Corajosa e empreendedora

Gaúcha de nascimento, mineira de coração, a profissional trabalha sem fronteiras


31/01/2021 04:00

(foto: escritório Estela Netto/divulgação)
(foto: escritório Estela Netto/divulgação)

 
Se alguém pedir para definir a arquiteta Estela Netto, em uma primeira impressão a descrição será de uma mulher bonita, elegante, meiga e delicada. Realmente, ela é tudo isso, mas por trás dessa aparência quase frágil está uma mulher extremamente forte, corajosa, trabalhadora, que sabe o que quer e completamente fora do padrão dito “normal”. Nascida em Porto alegre, mudou-se para Belo Horizonte aos 20 anos, ainda na faculdade, e mesmo antes de se formar já tinha clientes.
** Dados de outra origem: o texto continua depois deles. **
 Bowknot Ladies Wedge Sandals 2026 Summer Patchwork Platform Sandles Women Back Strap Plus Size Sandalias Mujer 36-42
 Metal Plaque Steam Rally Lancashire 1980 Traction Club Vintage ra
Atualmente, tem escritório em um andar em Lourdes, com 10 arquitetos, e tem projetos em três estados.
 
Como é sua família?
Meu pai é violinista, tocava na TV Rio na época da televisão ao vivo. Tivemos uma educação bastante cultural. Nossas viagens sempre tiveram a ver com arte, com visitas a museus, arquitetura. Somos muito urbanos, sem nenhuma vivência de interior. Meu pai é carioca e minha mãe gaúcha. Eu estudava balé e queria ser bailarina. Tenho duas irmãs mais velhas do que eu, uma com 15 anos a mais que eu e outra com 10 anos a mais. Sou caçula temporona.

Como foi sua adolescência?
Em 1996, queria fazer intercambio e meu pai disse que eu deveria escolher um país onde pudesse ter uma experiência antropológica, com uma experiência de vida mais rica. Eles são muito mais modernos do que eu. Fui morar em Havana, por um ano. Estudava balé desde pequena, e por isso arrumei o intercâmbio com a Escola Nacional de Artes de Havana, que na época bombava, tanto no balé quanto no cinema. Tinha estudantes do mundo inteiro. Fui estudar história da arte, filosofia e balé.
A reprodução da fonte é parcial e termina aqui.